## Data excerpts
:::::

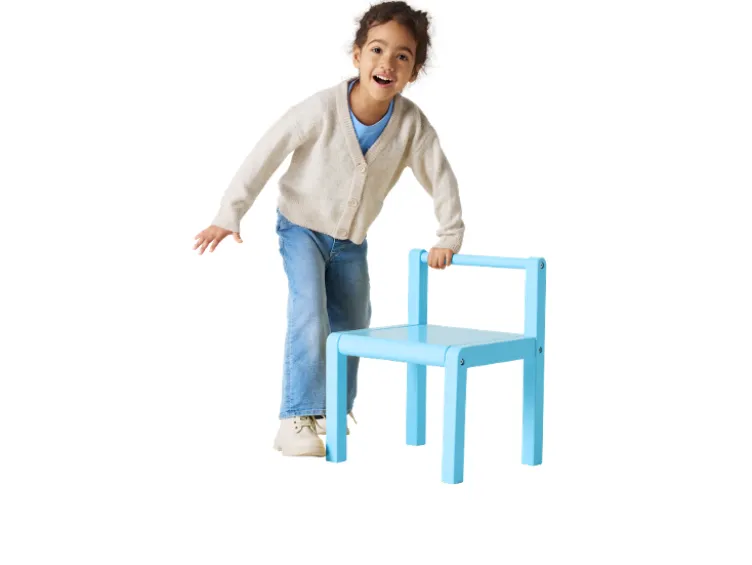 Kinder Strickjacke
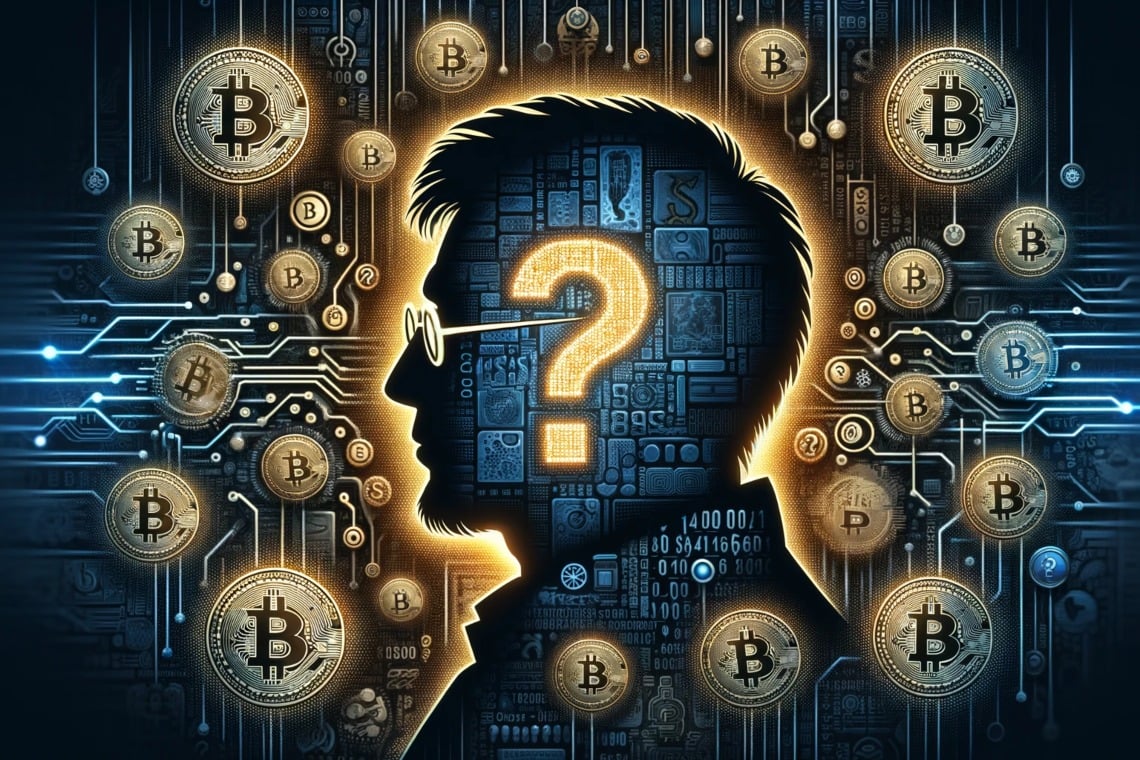 Who's the Mysterious Force Behind Bitcoin's Enigma?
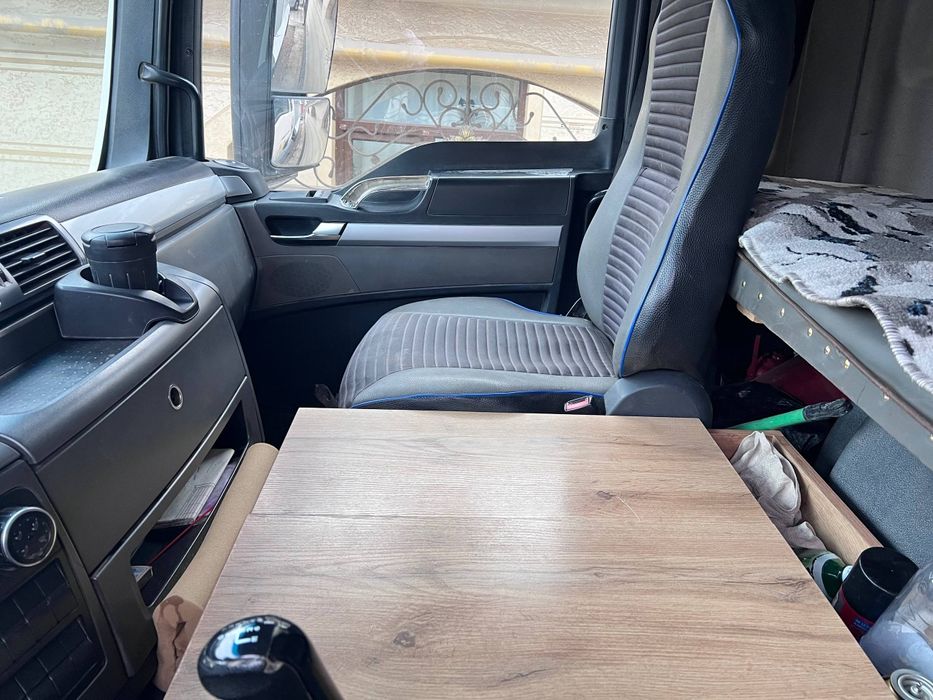 Ман TGS 33.360  холати ало йили 2015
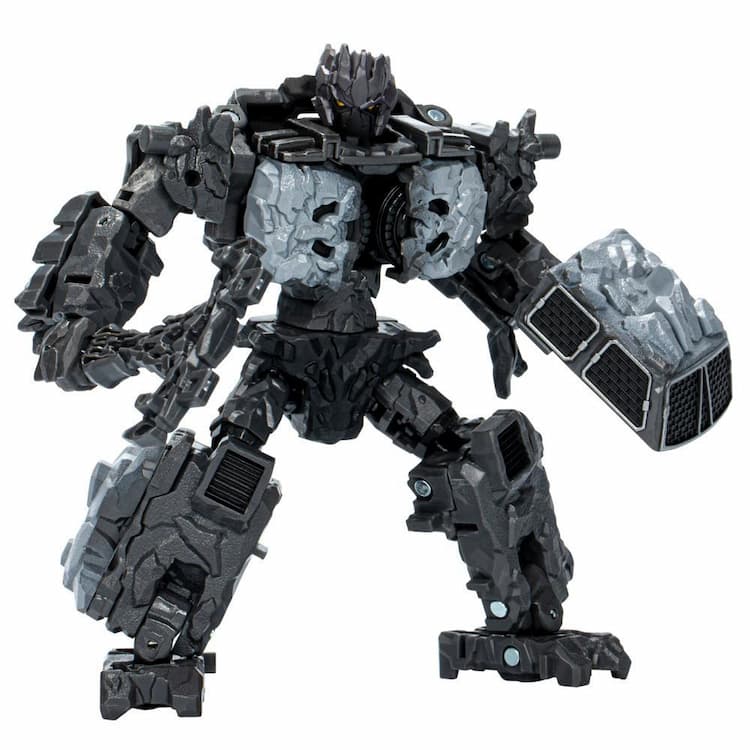 Transformers Legacy United Deluxe Infernac Universe Magneous 5.5” Action Figure, 8+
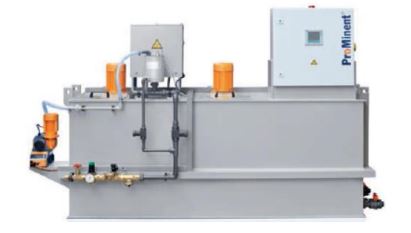 Hệ thống pha trộn Polymer - Máy Bơm Hóa Chất ProMinent - Công Ty TNHH Giải Pháp DPD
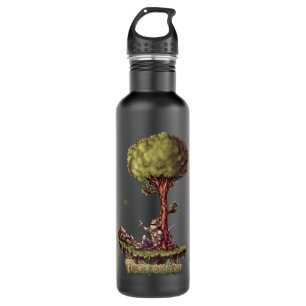 Terraria  The Terrarian 710 Ml Water Bottle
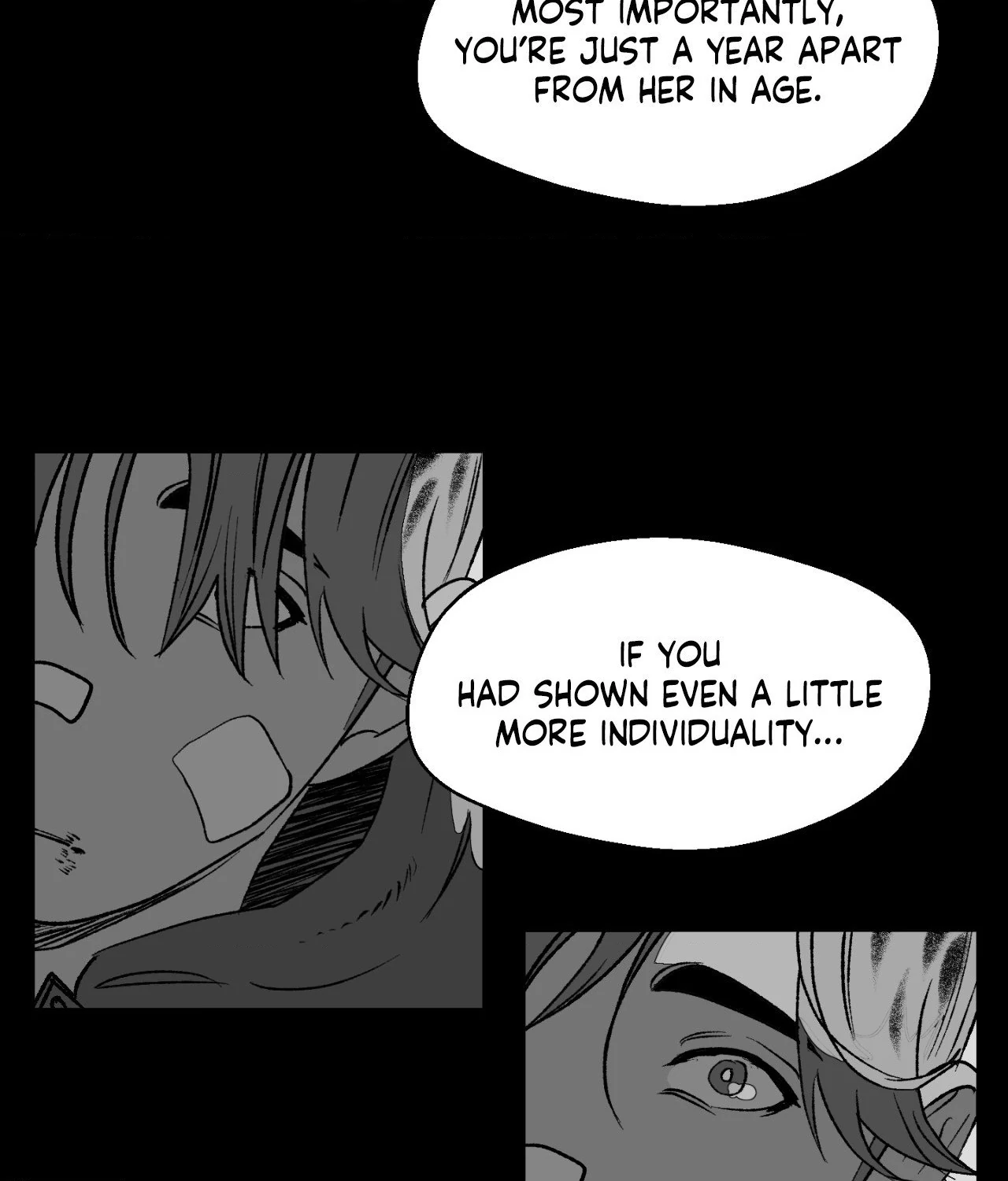 Melt Bless You Chapter 24 - page 47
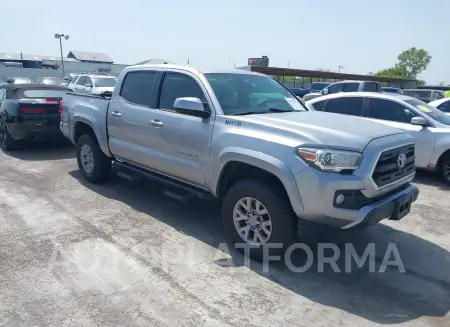 Toyota Tacoma 2017 2017 vin 5TFAZ5CN0HX048048 from auto auction Iaai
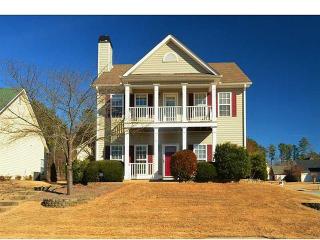 86 High Point North Dr, Newnan GA  30265-5910 exterior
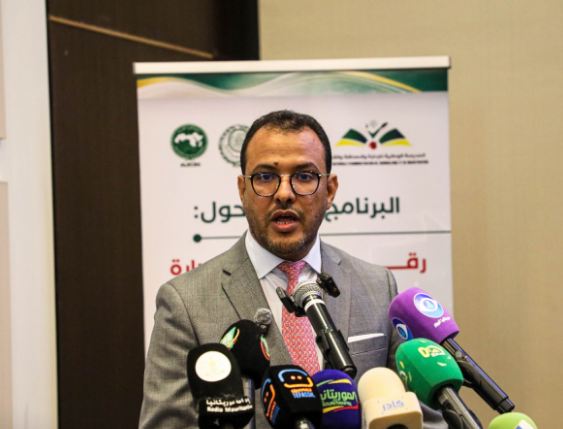 ولد السعيد يستعرض مكاسب الرقمنة في موريتانيا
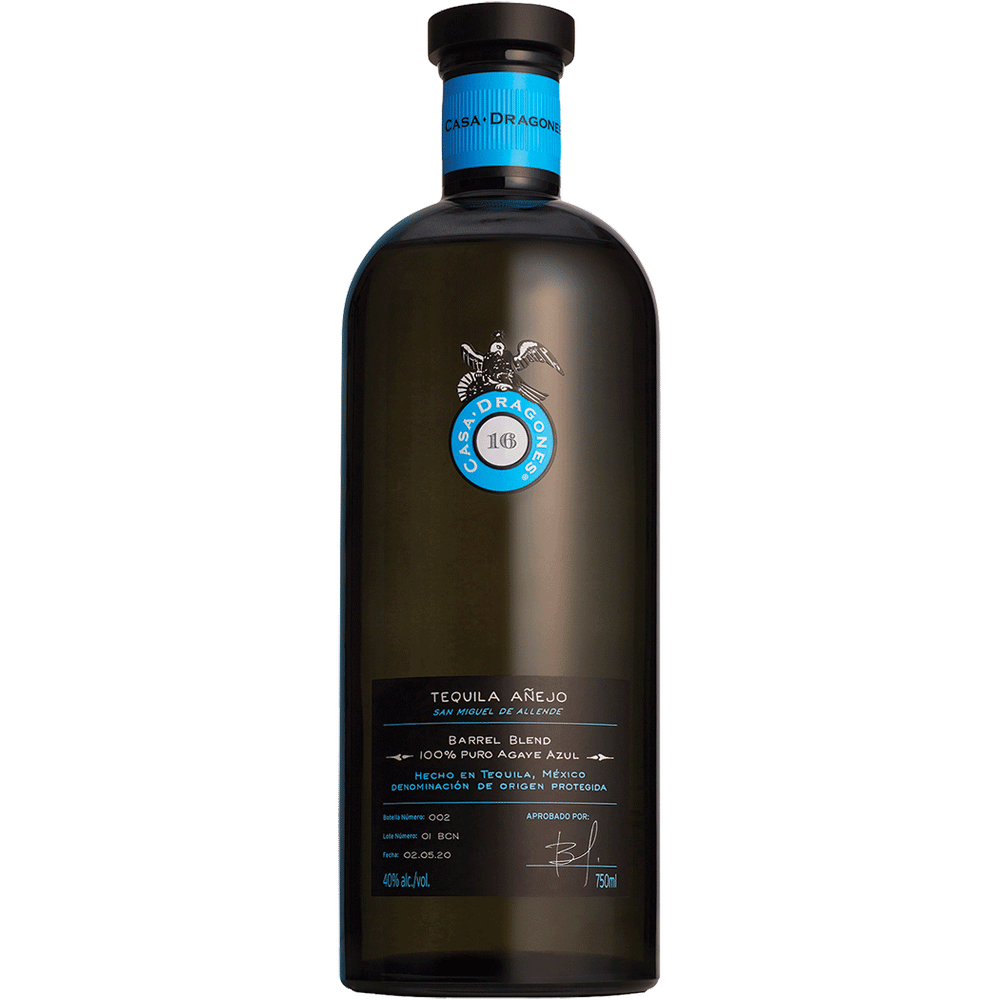 Casa Dragones Anejo 750ml.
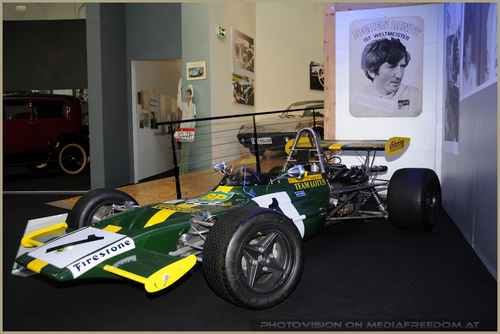 Jochen Rindt - Lotus
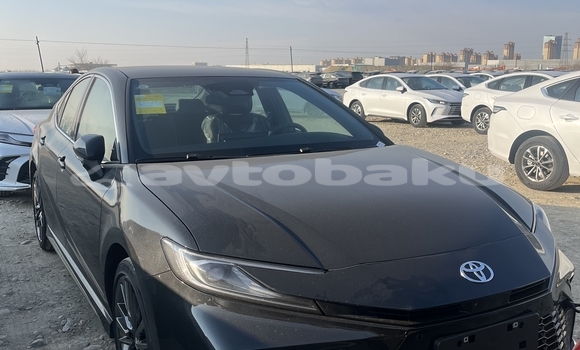 Buy Used Toyota Camry (Japan) Black Car in Ali Bayramli in Mugan-Salyan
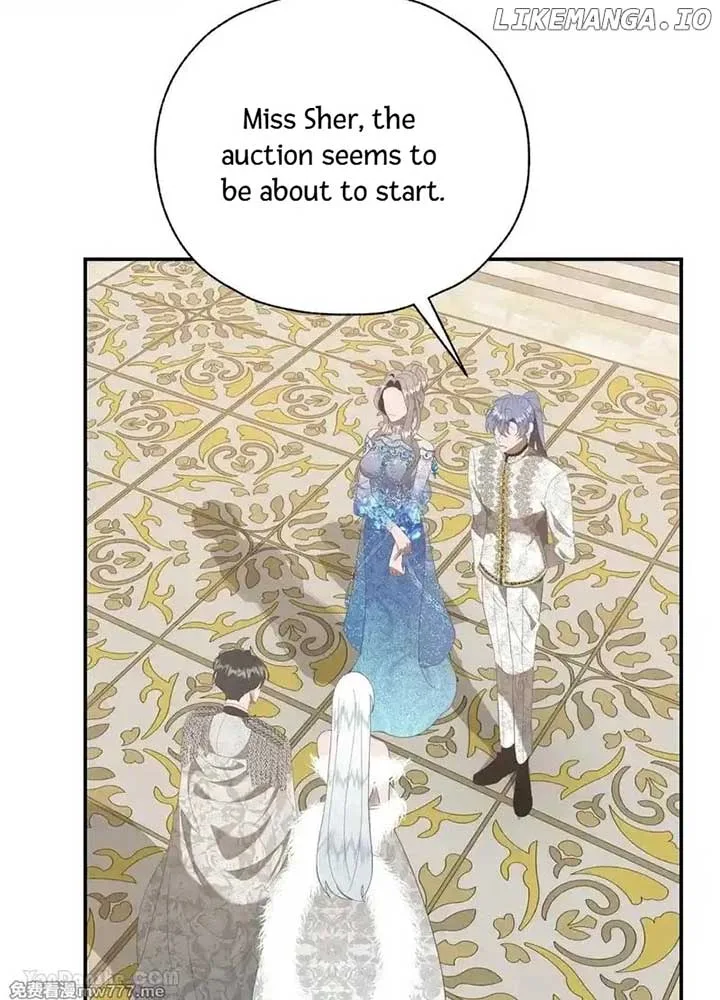 The Bride of the Fallen Angel Chapter 7 page 81
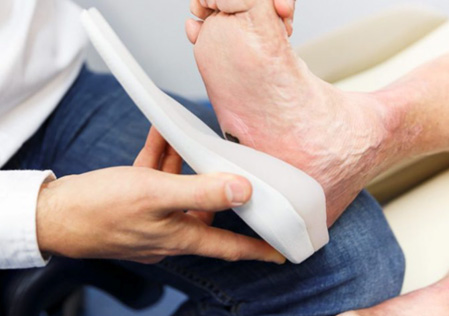 کفی و کفش طبی طبی - کفی و کفش طبی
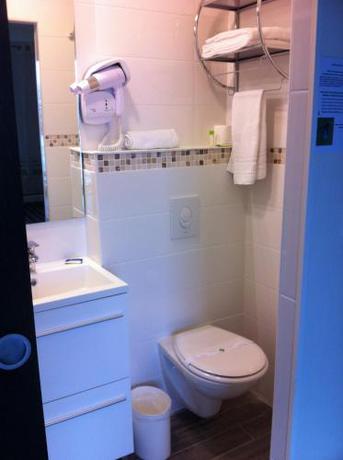 Imagen de la habitación del Hotel Fasthôtel Râle Des Genêts. Foto 7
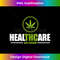 Healthcare THC Cannabis Medical Marijuana - Unique Sublimation PNG Download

:::::

Copy the entries above exactly from the line with "86 High Point" down to their last line, both ends included. Do not copy any pictures.

## Exercise response
 86 High Point North Dr, Newnan GA  30265-5910 exterior
 ولد السعيد يستعرض مكاسب الرقمنة في موريتانيا
 Casa Dragones Anejo 750ml.
 Jochen Rindt - Lotus
 Buy Used Toyota Camry (Japan) Black Car in Ali Bayramli in Mugan-Salyan
 The Bride of the Fallen Angel Chapter 7 page 81
 کفی و کفش طبی طبی - کفی و کفش طبی
 Imagen de la habitación del Hotel Fasthôtel Râle Des Genêts. Foto 7
 Healthcare THC Cannabis Medical Marijuana - Unique Sublimation PNG Download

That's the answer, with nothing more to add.